## Exercise prompt
Could you say how many lines in the entries contain the string "White"? Give only that number.

## Material supplied
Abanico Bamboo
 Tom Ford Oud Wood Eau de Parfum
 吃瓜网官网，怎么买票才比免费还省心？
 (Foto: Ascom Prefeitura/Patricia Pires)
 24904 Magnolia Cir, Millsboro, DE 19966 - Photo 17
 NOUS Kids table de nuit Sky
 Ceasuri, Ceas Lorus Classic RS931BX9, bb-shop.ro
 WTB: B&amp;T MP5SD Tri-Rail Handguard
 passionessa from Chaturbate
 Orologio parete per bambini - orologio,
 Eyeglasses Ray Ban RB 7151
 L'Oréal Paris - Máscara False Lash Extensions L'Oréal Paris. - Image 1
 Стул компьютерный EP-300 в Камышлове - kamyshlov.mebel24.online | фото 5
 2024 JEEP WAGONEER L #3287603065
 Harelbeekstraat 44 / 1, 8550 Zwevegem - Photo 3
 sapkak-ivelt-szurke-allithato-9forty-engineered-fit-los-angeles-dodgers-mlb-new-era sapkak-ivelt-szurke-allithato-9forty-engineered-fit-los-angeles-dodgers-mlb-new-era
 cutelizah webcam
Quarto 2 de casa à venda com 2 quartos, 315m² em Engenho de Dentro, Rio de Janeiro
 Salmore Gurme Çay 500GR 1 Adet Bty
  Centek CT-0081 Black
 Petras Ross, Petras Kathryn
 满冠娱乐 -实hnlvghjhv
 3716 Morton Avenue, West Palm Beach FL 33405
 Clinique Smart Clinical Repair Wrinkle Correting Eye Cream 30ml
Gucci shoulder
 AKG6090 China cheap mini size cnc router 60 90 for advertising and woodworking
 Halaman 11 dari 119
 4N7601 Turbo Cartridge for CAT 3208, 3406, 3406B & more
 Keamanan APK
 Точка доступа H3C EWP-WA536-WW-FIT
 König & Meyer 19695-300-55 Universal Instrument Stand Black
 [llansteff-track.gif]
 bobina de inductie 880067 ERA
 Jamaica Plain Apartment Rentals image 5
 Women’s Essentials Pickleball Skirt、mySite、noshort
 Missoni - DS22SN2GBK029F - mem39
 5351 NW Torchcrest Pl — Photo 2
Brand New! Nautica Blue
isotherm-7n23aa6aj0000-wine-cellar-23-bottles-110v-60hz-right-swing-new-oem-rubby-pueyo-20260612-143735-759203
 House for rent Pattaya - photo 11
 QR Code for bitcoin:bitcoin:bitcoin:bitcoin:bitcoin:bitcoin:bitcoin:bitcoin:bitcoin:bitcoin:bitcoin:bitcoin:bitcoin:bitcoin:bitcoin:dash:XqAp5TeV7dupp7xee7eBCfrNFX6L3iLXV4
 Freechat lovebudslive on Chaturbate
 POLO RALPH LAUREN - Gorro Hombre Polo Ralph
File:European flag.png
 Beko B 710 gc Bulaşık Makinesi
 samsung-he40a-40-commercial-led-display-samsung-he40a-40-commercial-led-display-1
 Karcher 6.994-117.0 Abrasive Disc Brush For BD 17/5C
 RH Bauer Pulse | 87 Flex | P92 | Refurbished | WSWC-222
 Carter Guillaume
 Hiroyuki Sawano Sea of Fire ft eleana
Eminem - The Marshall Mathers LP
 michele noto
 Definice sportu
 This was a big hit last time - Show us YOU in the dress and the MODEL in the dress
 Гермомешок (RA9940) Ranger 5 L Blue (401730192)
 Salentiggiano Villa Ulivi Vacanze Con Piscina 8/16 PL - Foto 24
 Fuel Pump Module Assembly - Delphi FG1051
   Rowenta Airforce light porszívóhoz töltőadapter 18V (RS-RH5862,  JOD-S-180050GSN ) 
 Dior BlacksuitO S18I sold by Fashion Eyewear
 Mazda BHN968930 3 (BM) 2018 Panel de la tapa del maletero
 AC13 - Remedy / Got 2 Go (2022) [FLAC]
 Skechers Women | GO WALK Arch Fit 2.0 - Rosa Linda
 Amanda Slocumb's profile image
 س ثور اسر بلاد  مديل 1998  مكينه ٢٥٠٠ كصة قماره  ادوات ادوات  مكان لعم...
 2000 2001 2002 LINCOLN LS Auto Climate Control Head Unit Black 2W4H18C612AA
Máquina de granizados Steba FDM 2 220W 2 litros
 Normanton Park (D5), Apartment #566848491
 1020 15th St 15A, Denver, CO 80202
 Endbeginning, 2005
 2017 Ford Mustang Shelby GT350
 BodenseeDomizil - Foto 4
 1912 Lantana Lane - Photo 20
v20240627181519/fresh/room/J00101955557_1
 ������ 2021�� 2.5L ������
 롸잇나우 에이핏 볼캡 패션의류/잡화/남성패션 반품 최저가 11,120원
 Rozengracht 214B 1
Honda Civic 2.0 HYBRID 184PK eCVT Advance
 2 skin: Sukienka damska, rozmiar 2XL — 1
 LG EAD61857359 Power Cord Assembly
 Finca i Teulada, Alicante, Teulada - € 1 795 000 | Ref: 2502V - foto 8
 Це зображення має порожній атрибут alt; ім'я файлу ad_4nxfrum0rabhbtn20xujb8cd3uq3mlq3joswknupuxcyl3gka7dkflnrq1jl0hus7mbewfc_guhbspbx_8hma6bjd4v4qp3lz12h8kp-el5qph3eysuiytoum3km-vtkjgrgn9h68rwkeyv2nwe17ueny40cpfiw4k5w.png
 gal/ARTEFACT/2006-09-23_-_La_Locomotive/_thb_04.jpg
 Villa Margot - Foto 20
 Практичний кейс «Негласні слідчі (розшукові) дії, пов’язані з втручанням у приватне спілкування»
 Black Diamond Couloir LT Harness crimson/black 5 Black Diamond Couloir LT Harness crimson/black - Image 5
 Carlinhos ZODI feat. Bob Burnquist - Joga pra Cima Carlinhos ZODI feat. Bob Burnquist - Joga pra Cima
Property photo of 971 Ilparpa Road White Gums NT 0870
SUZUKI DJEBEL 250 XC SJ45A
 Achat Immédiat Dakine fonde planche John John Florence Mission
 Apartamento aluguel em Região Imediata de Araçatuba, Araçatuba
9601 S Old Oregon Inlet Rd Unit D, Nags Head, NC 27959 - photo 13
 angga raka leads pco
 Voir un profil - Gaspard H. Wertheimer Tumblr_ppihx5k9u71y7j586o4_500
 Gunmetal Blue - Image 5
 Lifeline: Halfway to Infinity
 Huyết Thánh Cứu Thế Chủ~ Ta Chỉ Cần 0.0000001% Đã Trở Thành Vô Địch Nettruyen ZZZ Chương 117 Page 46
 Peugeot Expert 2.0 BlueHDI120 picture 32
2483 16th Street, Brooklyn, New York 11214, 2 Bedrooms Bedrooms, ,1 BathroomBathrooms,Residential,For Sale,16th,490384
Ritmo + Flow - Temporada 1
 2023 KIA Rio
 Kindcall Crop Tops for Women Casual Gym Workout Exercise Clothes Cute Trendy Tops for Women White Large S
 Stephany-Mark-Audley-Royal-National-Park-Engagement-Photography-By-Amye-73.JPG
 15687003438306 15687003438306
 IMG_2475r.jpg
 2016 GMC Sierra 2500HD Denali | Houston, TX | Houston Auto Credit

## Answer space
2